Companion Plants For Squash

Companion Planting Fundamentals

Companion planting is a gardening technique that involves strategically placing different plants close to one another, with the aim of maximizing their mutual benefits. Plants may be chosen for their ability to support each other in various aspects, such as nitrogen-fixing, pest control, and living mulch functions.

Nitrogen Fixing

One key benefit of companion planting is the enhancement of soil fertility through the use of nitrogen-fixing plants. Legumes, such as peas and beans, are capable of pulling nitrogen from the air and fixing it into the soil.

This process benefits heavy feeders, including squash plants, by providing essential nutrients to aid their growth.

Pest Control

Pest control is another important aspect of companion planting. Certain plants can help repel insect pests that commonly plague squash, such as cabbage worms, cucumber beetles, and carrot flies.

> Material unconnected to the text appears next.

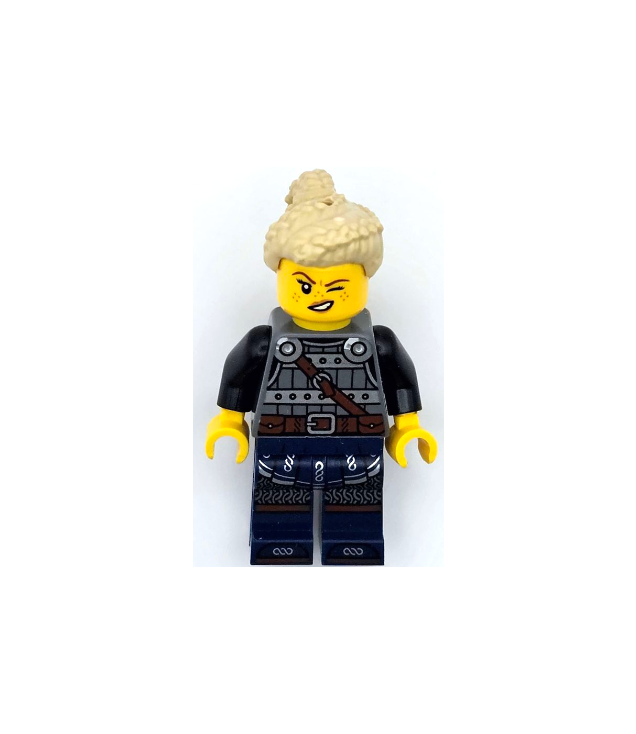 LEGO - Viking-schildmaagd – donkergrijs en zilverkleurig harnas, donkerblauwe benen met rand, zandkleurig haar - | N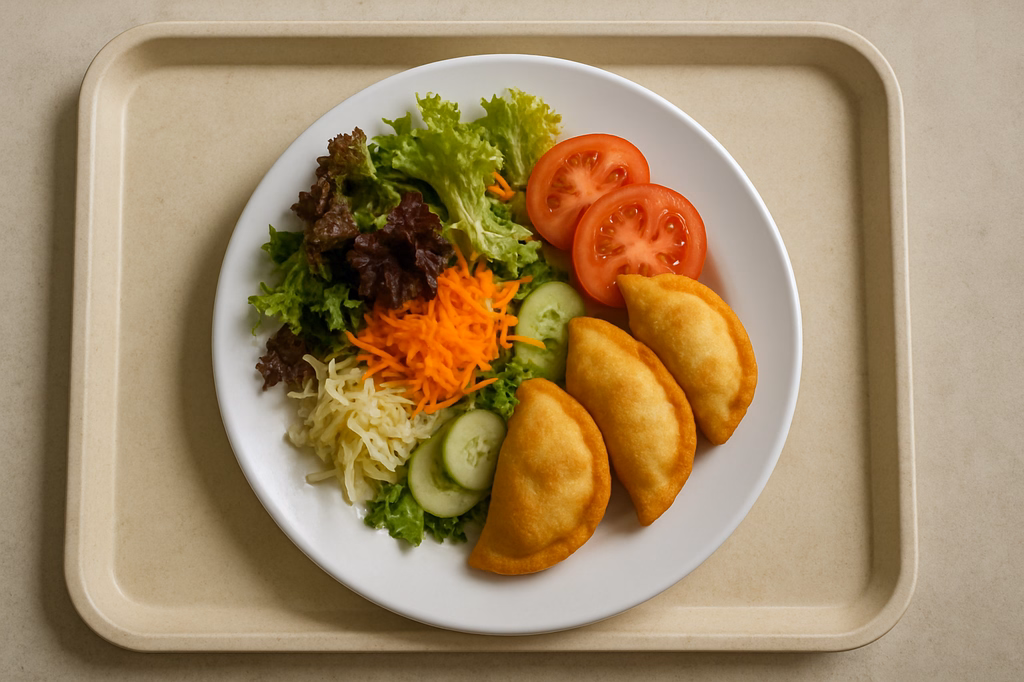 Herbstlicher Salatteller mit Kartoffeltaschen "Kräuterfrischkäse" (AI Generated)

By planting these pest-repelling companions near squash plants, gardeners can reduce the dependence on chemical insecticides and promote an organic, eco-friendly garden.

Weed Control

Living mulch is a term used to refer to plants that cover the ground and provide benefits such as weed suppression, soil moisture retention, and habitat creation for beneficial insects.

Some living mulch plants, when paired with squash, can help limit weed competition and maintain a healthy ecosystem within the garden space. Gardeners must ensure, however, that the living mulch does not compete with the squash plants for essential resources like sunlight, water, and nutrients.

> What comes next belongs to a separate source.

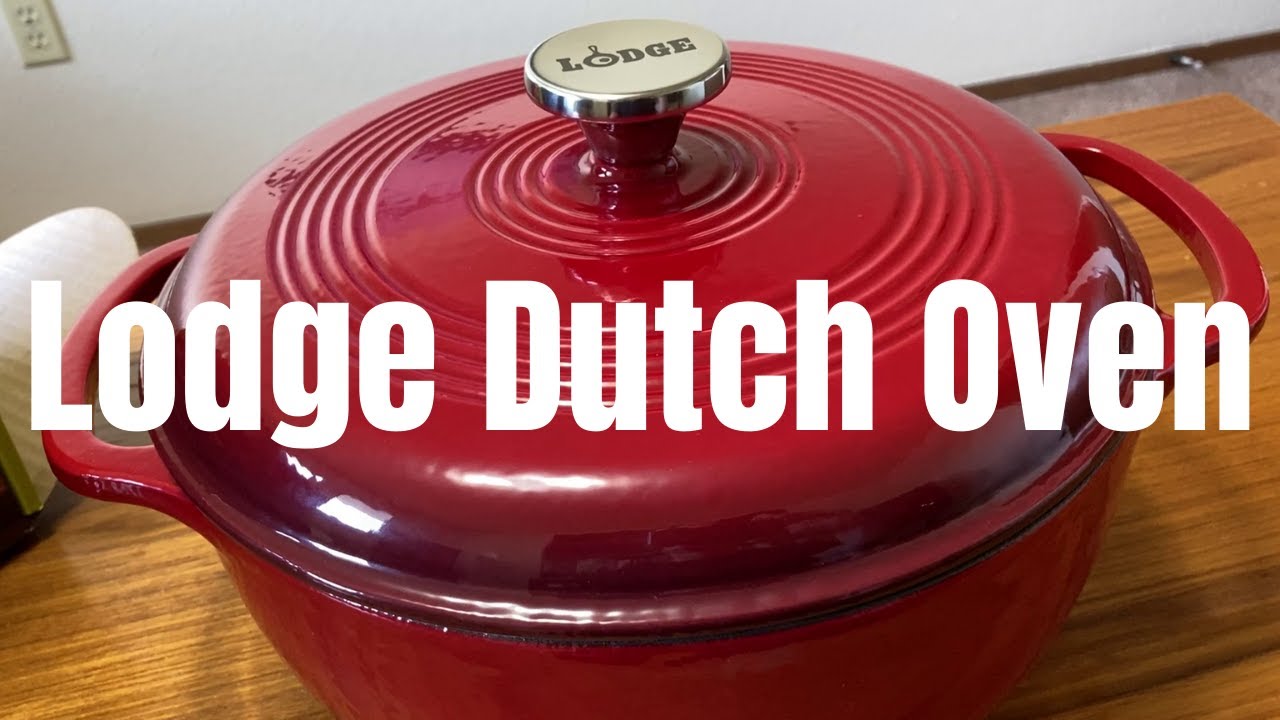 Lodge 5.5 Quart Enameled Cast Iron Dutch Oven, Red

Remember to space the plants appropriately to avoid overcrowding and to ensure both the main crops and the companion plants can thrive. As a general guideline, consider the mature size of the companion plants and refer to the seed packets or plant labels for specific spacing recommendations.

Best Squash Companion Plants

Squash plants thrive when grown alongside other plants that provide valuable benefits such as pest control, improved soil conditions, and faster growth rates. Here are some of the best companion plants for squash

1. Beans and Peas

Beans and peas are legumes that add valuable nitrogen to the soil, helping squash plants grow. They also attract pollinators, contributing to increased yields. Beans and peas can be planted close to squash plants, forming a mutually beneficial relationship.

2. Corn

Corn Best companion plants for cucumbers

Corn is an excellent companion plant for squash, as it offers a natural trellis for climbing squash vines. This combination is known as the “Three Sisters” planting method, where corn, beans, and squash support one another’s growth.

3. Dill


Dill is an herb that helps to repel pests such as squash bugs and aphids. It can be planted in the vicinity of your squash to provide an extra layer of protection. Moreover, dill attracts beneficial insects like ladybugs, parasitic wasps, and hoverflies.

4. Radish

Radishes serve as a trap crop for flea beetles, which are common pests for squash plants. Planting radishes near your squash can lure these pests away from your main crop, reducing the likelihood of damage.

5. Marigold

marigold sparky mix

Marigolds are a popular choice for companion planting not only with squash, but many other vegetables as well. These flowers release a chemical that deters nematodes and other pests while also attracting beneficial insects like pollinators and predatory bugs.

Three Sisters Planting Method

The Three Sisters planting method is an ancient companion planting technique that involves growing corn, beans, and squash together. This method originated with Native American tribes, who discovered the mutual benefits of interplanting these three crops.

The technique starts with planting corn as the central plant, which serves as a natural trellis for the beans to climb on. As the beans grow, they fix nitrogen in the soil, benefiting the heavy-feeding squash plants.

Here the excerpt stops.